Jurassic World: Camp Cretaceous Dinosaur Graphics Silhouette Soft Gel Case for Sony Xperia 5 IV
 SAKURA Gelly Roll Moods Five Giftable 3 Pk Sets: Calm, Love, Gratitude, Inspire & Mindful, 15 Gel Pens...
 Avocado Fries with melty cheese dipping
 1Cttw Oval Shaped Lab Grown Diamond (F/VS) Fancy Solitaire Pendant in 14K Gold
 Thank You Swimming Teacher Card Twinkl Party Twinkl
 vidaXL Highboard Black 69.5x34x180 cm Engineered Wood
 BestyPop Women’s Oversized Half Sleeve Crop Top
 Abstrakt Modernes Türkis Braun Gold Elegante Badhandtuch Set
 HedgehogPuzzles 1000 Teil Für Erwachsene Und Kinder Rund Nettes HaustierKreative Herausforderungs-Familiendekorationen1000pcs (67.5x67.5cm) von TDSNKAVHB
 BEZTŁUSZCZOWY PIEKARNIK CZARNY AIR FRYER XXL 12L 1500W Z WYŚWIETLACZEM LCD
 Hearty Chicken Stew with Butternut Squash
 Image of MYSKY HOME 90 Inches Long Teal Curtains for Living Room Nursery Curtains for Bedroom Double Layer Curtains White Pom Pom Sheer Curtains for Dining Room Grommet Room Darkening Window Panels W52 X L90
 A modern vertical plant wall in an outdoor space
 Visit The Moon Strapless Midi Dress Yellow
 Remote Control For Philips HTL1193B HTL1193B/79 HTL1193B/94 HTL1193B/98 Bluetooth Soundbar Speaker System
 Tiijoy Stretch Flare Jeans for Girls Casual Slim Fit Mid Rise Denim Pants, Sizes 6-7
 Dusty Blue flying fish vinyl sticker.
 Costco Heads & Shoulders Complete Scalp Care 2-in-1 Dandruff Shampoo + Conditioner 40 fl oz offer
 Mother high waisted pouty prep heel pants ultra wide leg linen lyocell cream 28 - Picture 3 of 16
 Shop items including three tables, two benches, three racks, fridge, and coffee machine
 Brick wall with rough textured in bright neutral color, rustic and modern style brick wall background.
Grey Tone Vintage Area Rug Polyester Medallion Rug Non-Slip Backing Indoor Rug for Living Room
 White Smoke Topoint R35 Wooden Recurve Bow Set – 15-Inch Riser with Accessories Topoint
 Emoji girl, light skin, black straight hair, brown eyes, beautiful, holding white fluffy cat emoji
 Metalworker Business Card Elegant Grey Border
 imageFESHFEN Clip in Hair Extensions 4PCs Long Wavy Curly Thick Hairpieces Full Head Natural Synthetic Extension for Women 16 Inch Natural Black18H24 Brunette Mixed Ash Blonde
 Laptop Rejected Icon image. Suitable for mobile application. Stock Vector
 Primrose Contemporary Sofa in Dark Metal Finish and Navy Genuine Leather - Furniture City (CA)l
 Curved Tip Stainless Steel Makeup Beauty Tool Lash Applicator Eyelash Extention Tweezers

## EXERCISE OBJECTIVE
Would you print exactly, and only, the lines of the data above from the line with "Avocado Fries with melty cheese dipping" through the line with "HedgehogPuzzles 1000 Teil", inclusive?

## TASK ANSWER
 Avocado Fries with melty cheese dipping
 1Cttw Oval Shaped Lab Grown Diamond (F/VS) Fancy Solitaire Pendant in 14K Gold
 Thank You Swimming Teacher Card Twinkl Party Twinkl
 vidaXL Highboard Black 69.5x34x180 cm Engineered Wood
 BestyPop Women’s Oversized Half Sleeve Crop Top
 Abstrakt Modernes Türkis Braun Gold Elegante Badhandtuch Set
 HedgehogPuzzles 1000 Teil Für Erwachsene Und Kinder Rund Nettes HaustierKreative Herausforderungs-Familiendekorationen1000pcs (67.5x67.5cm) von TDSNKAVHB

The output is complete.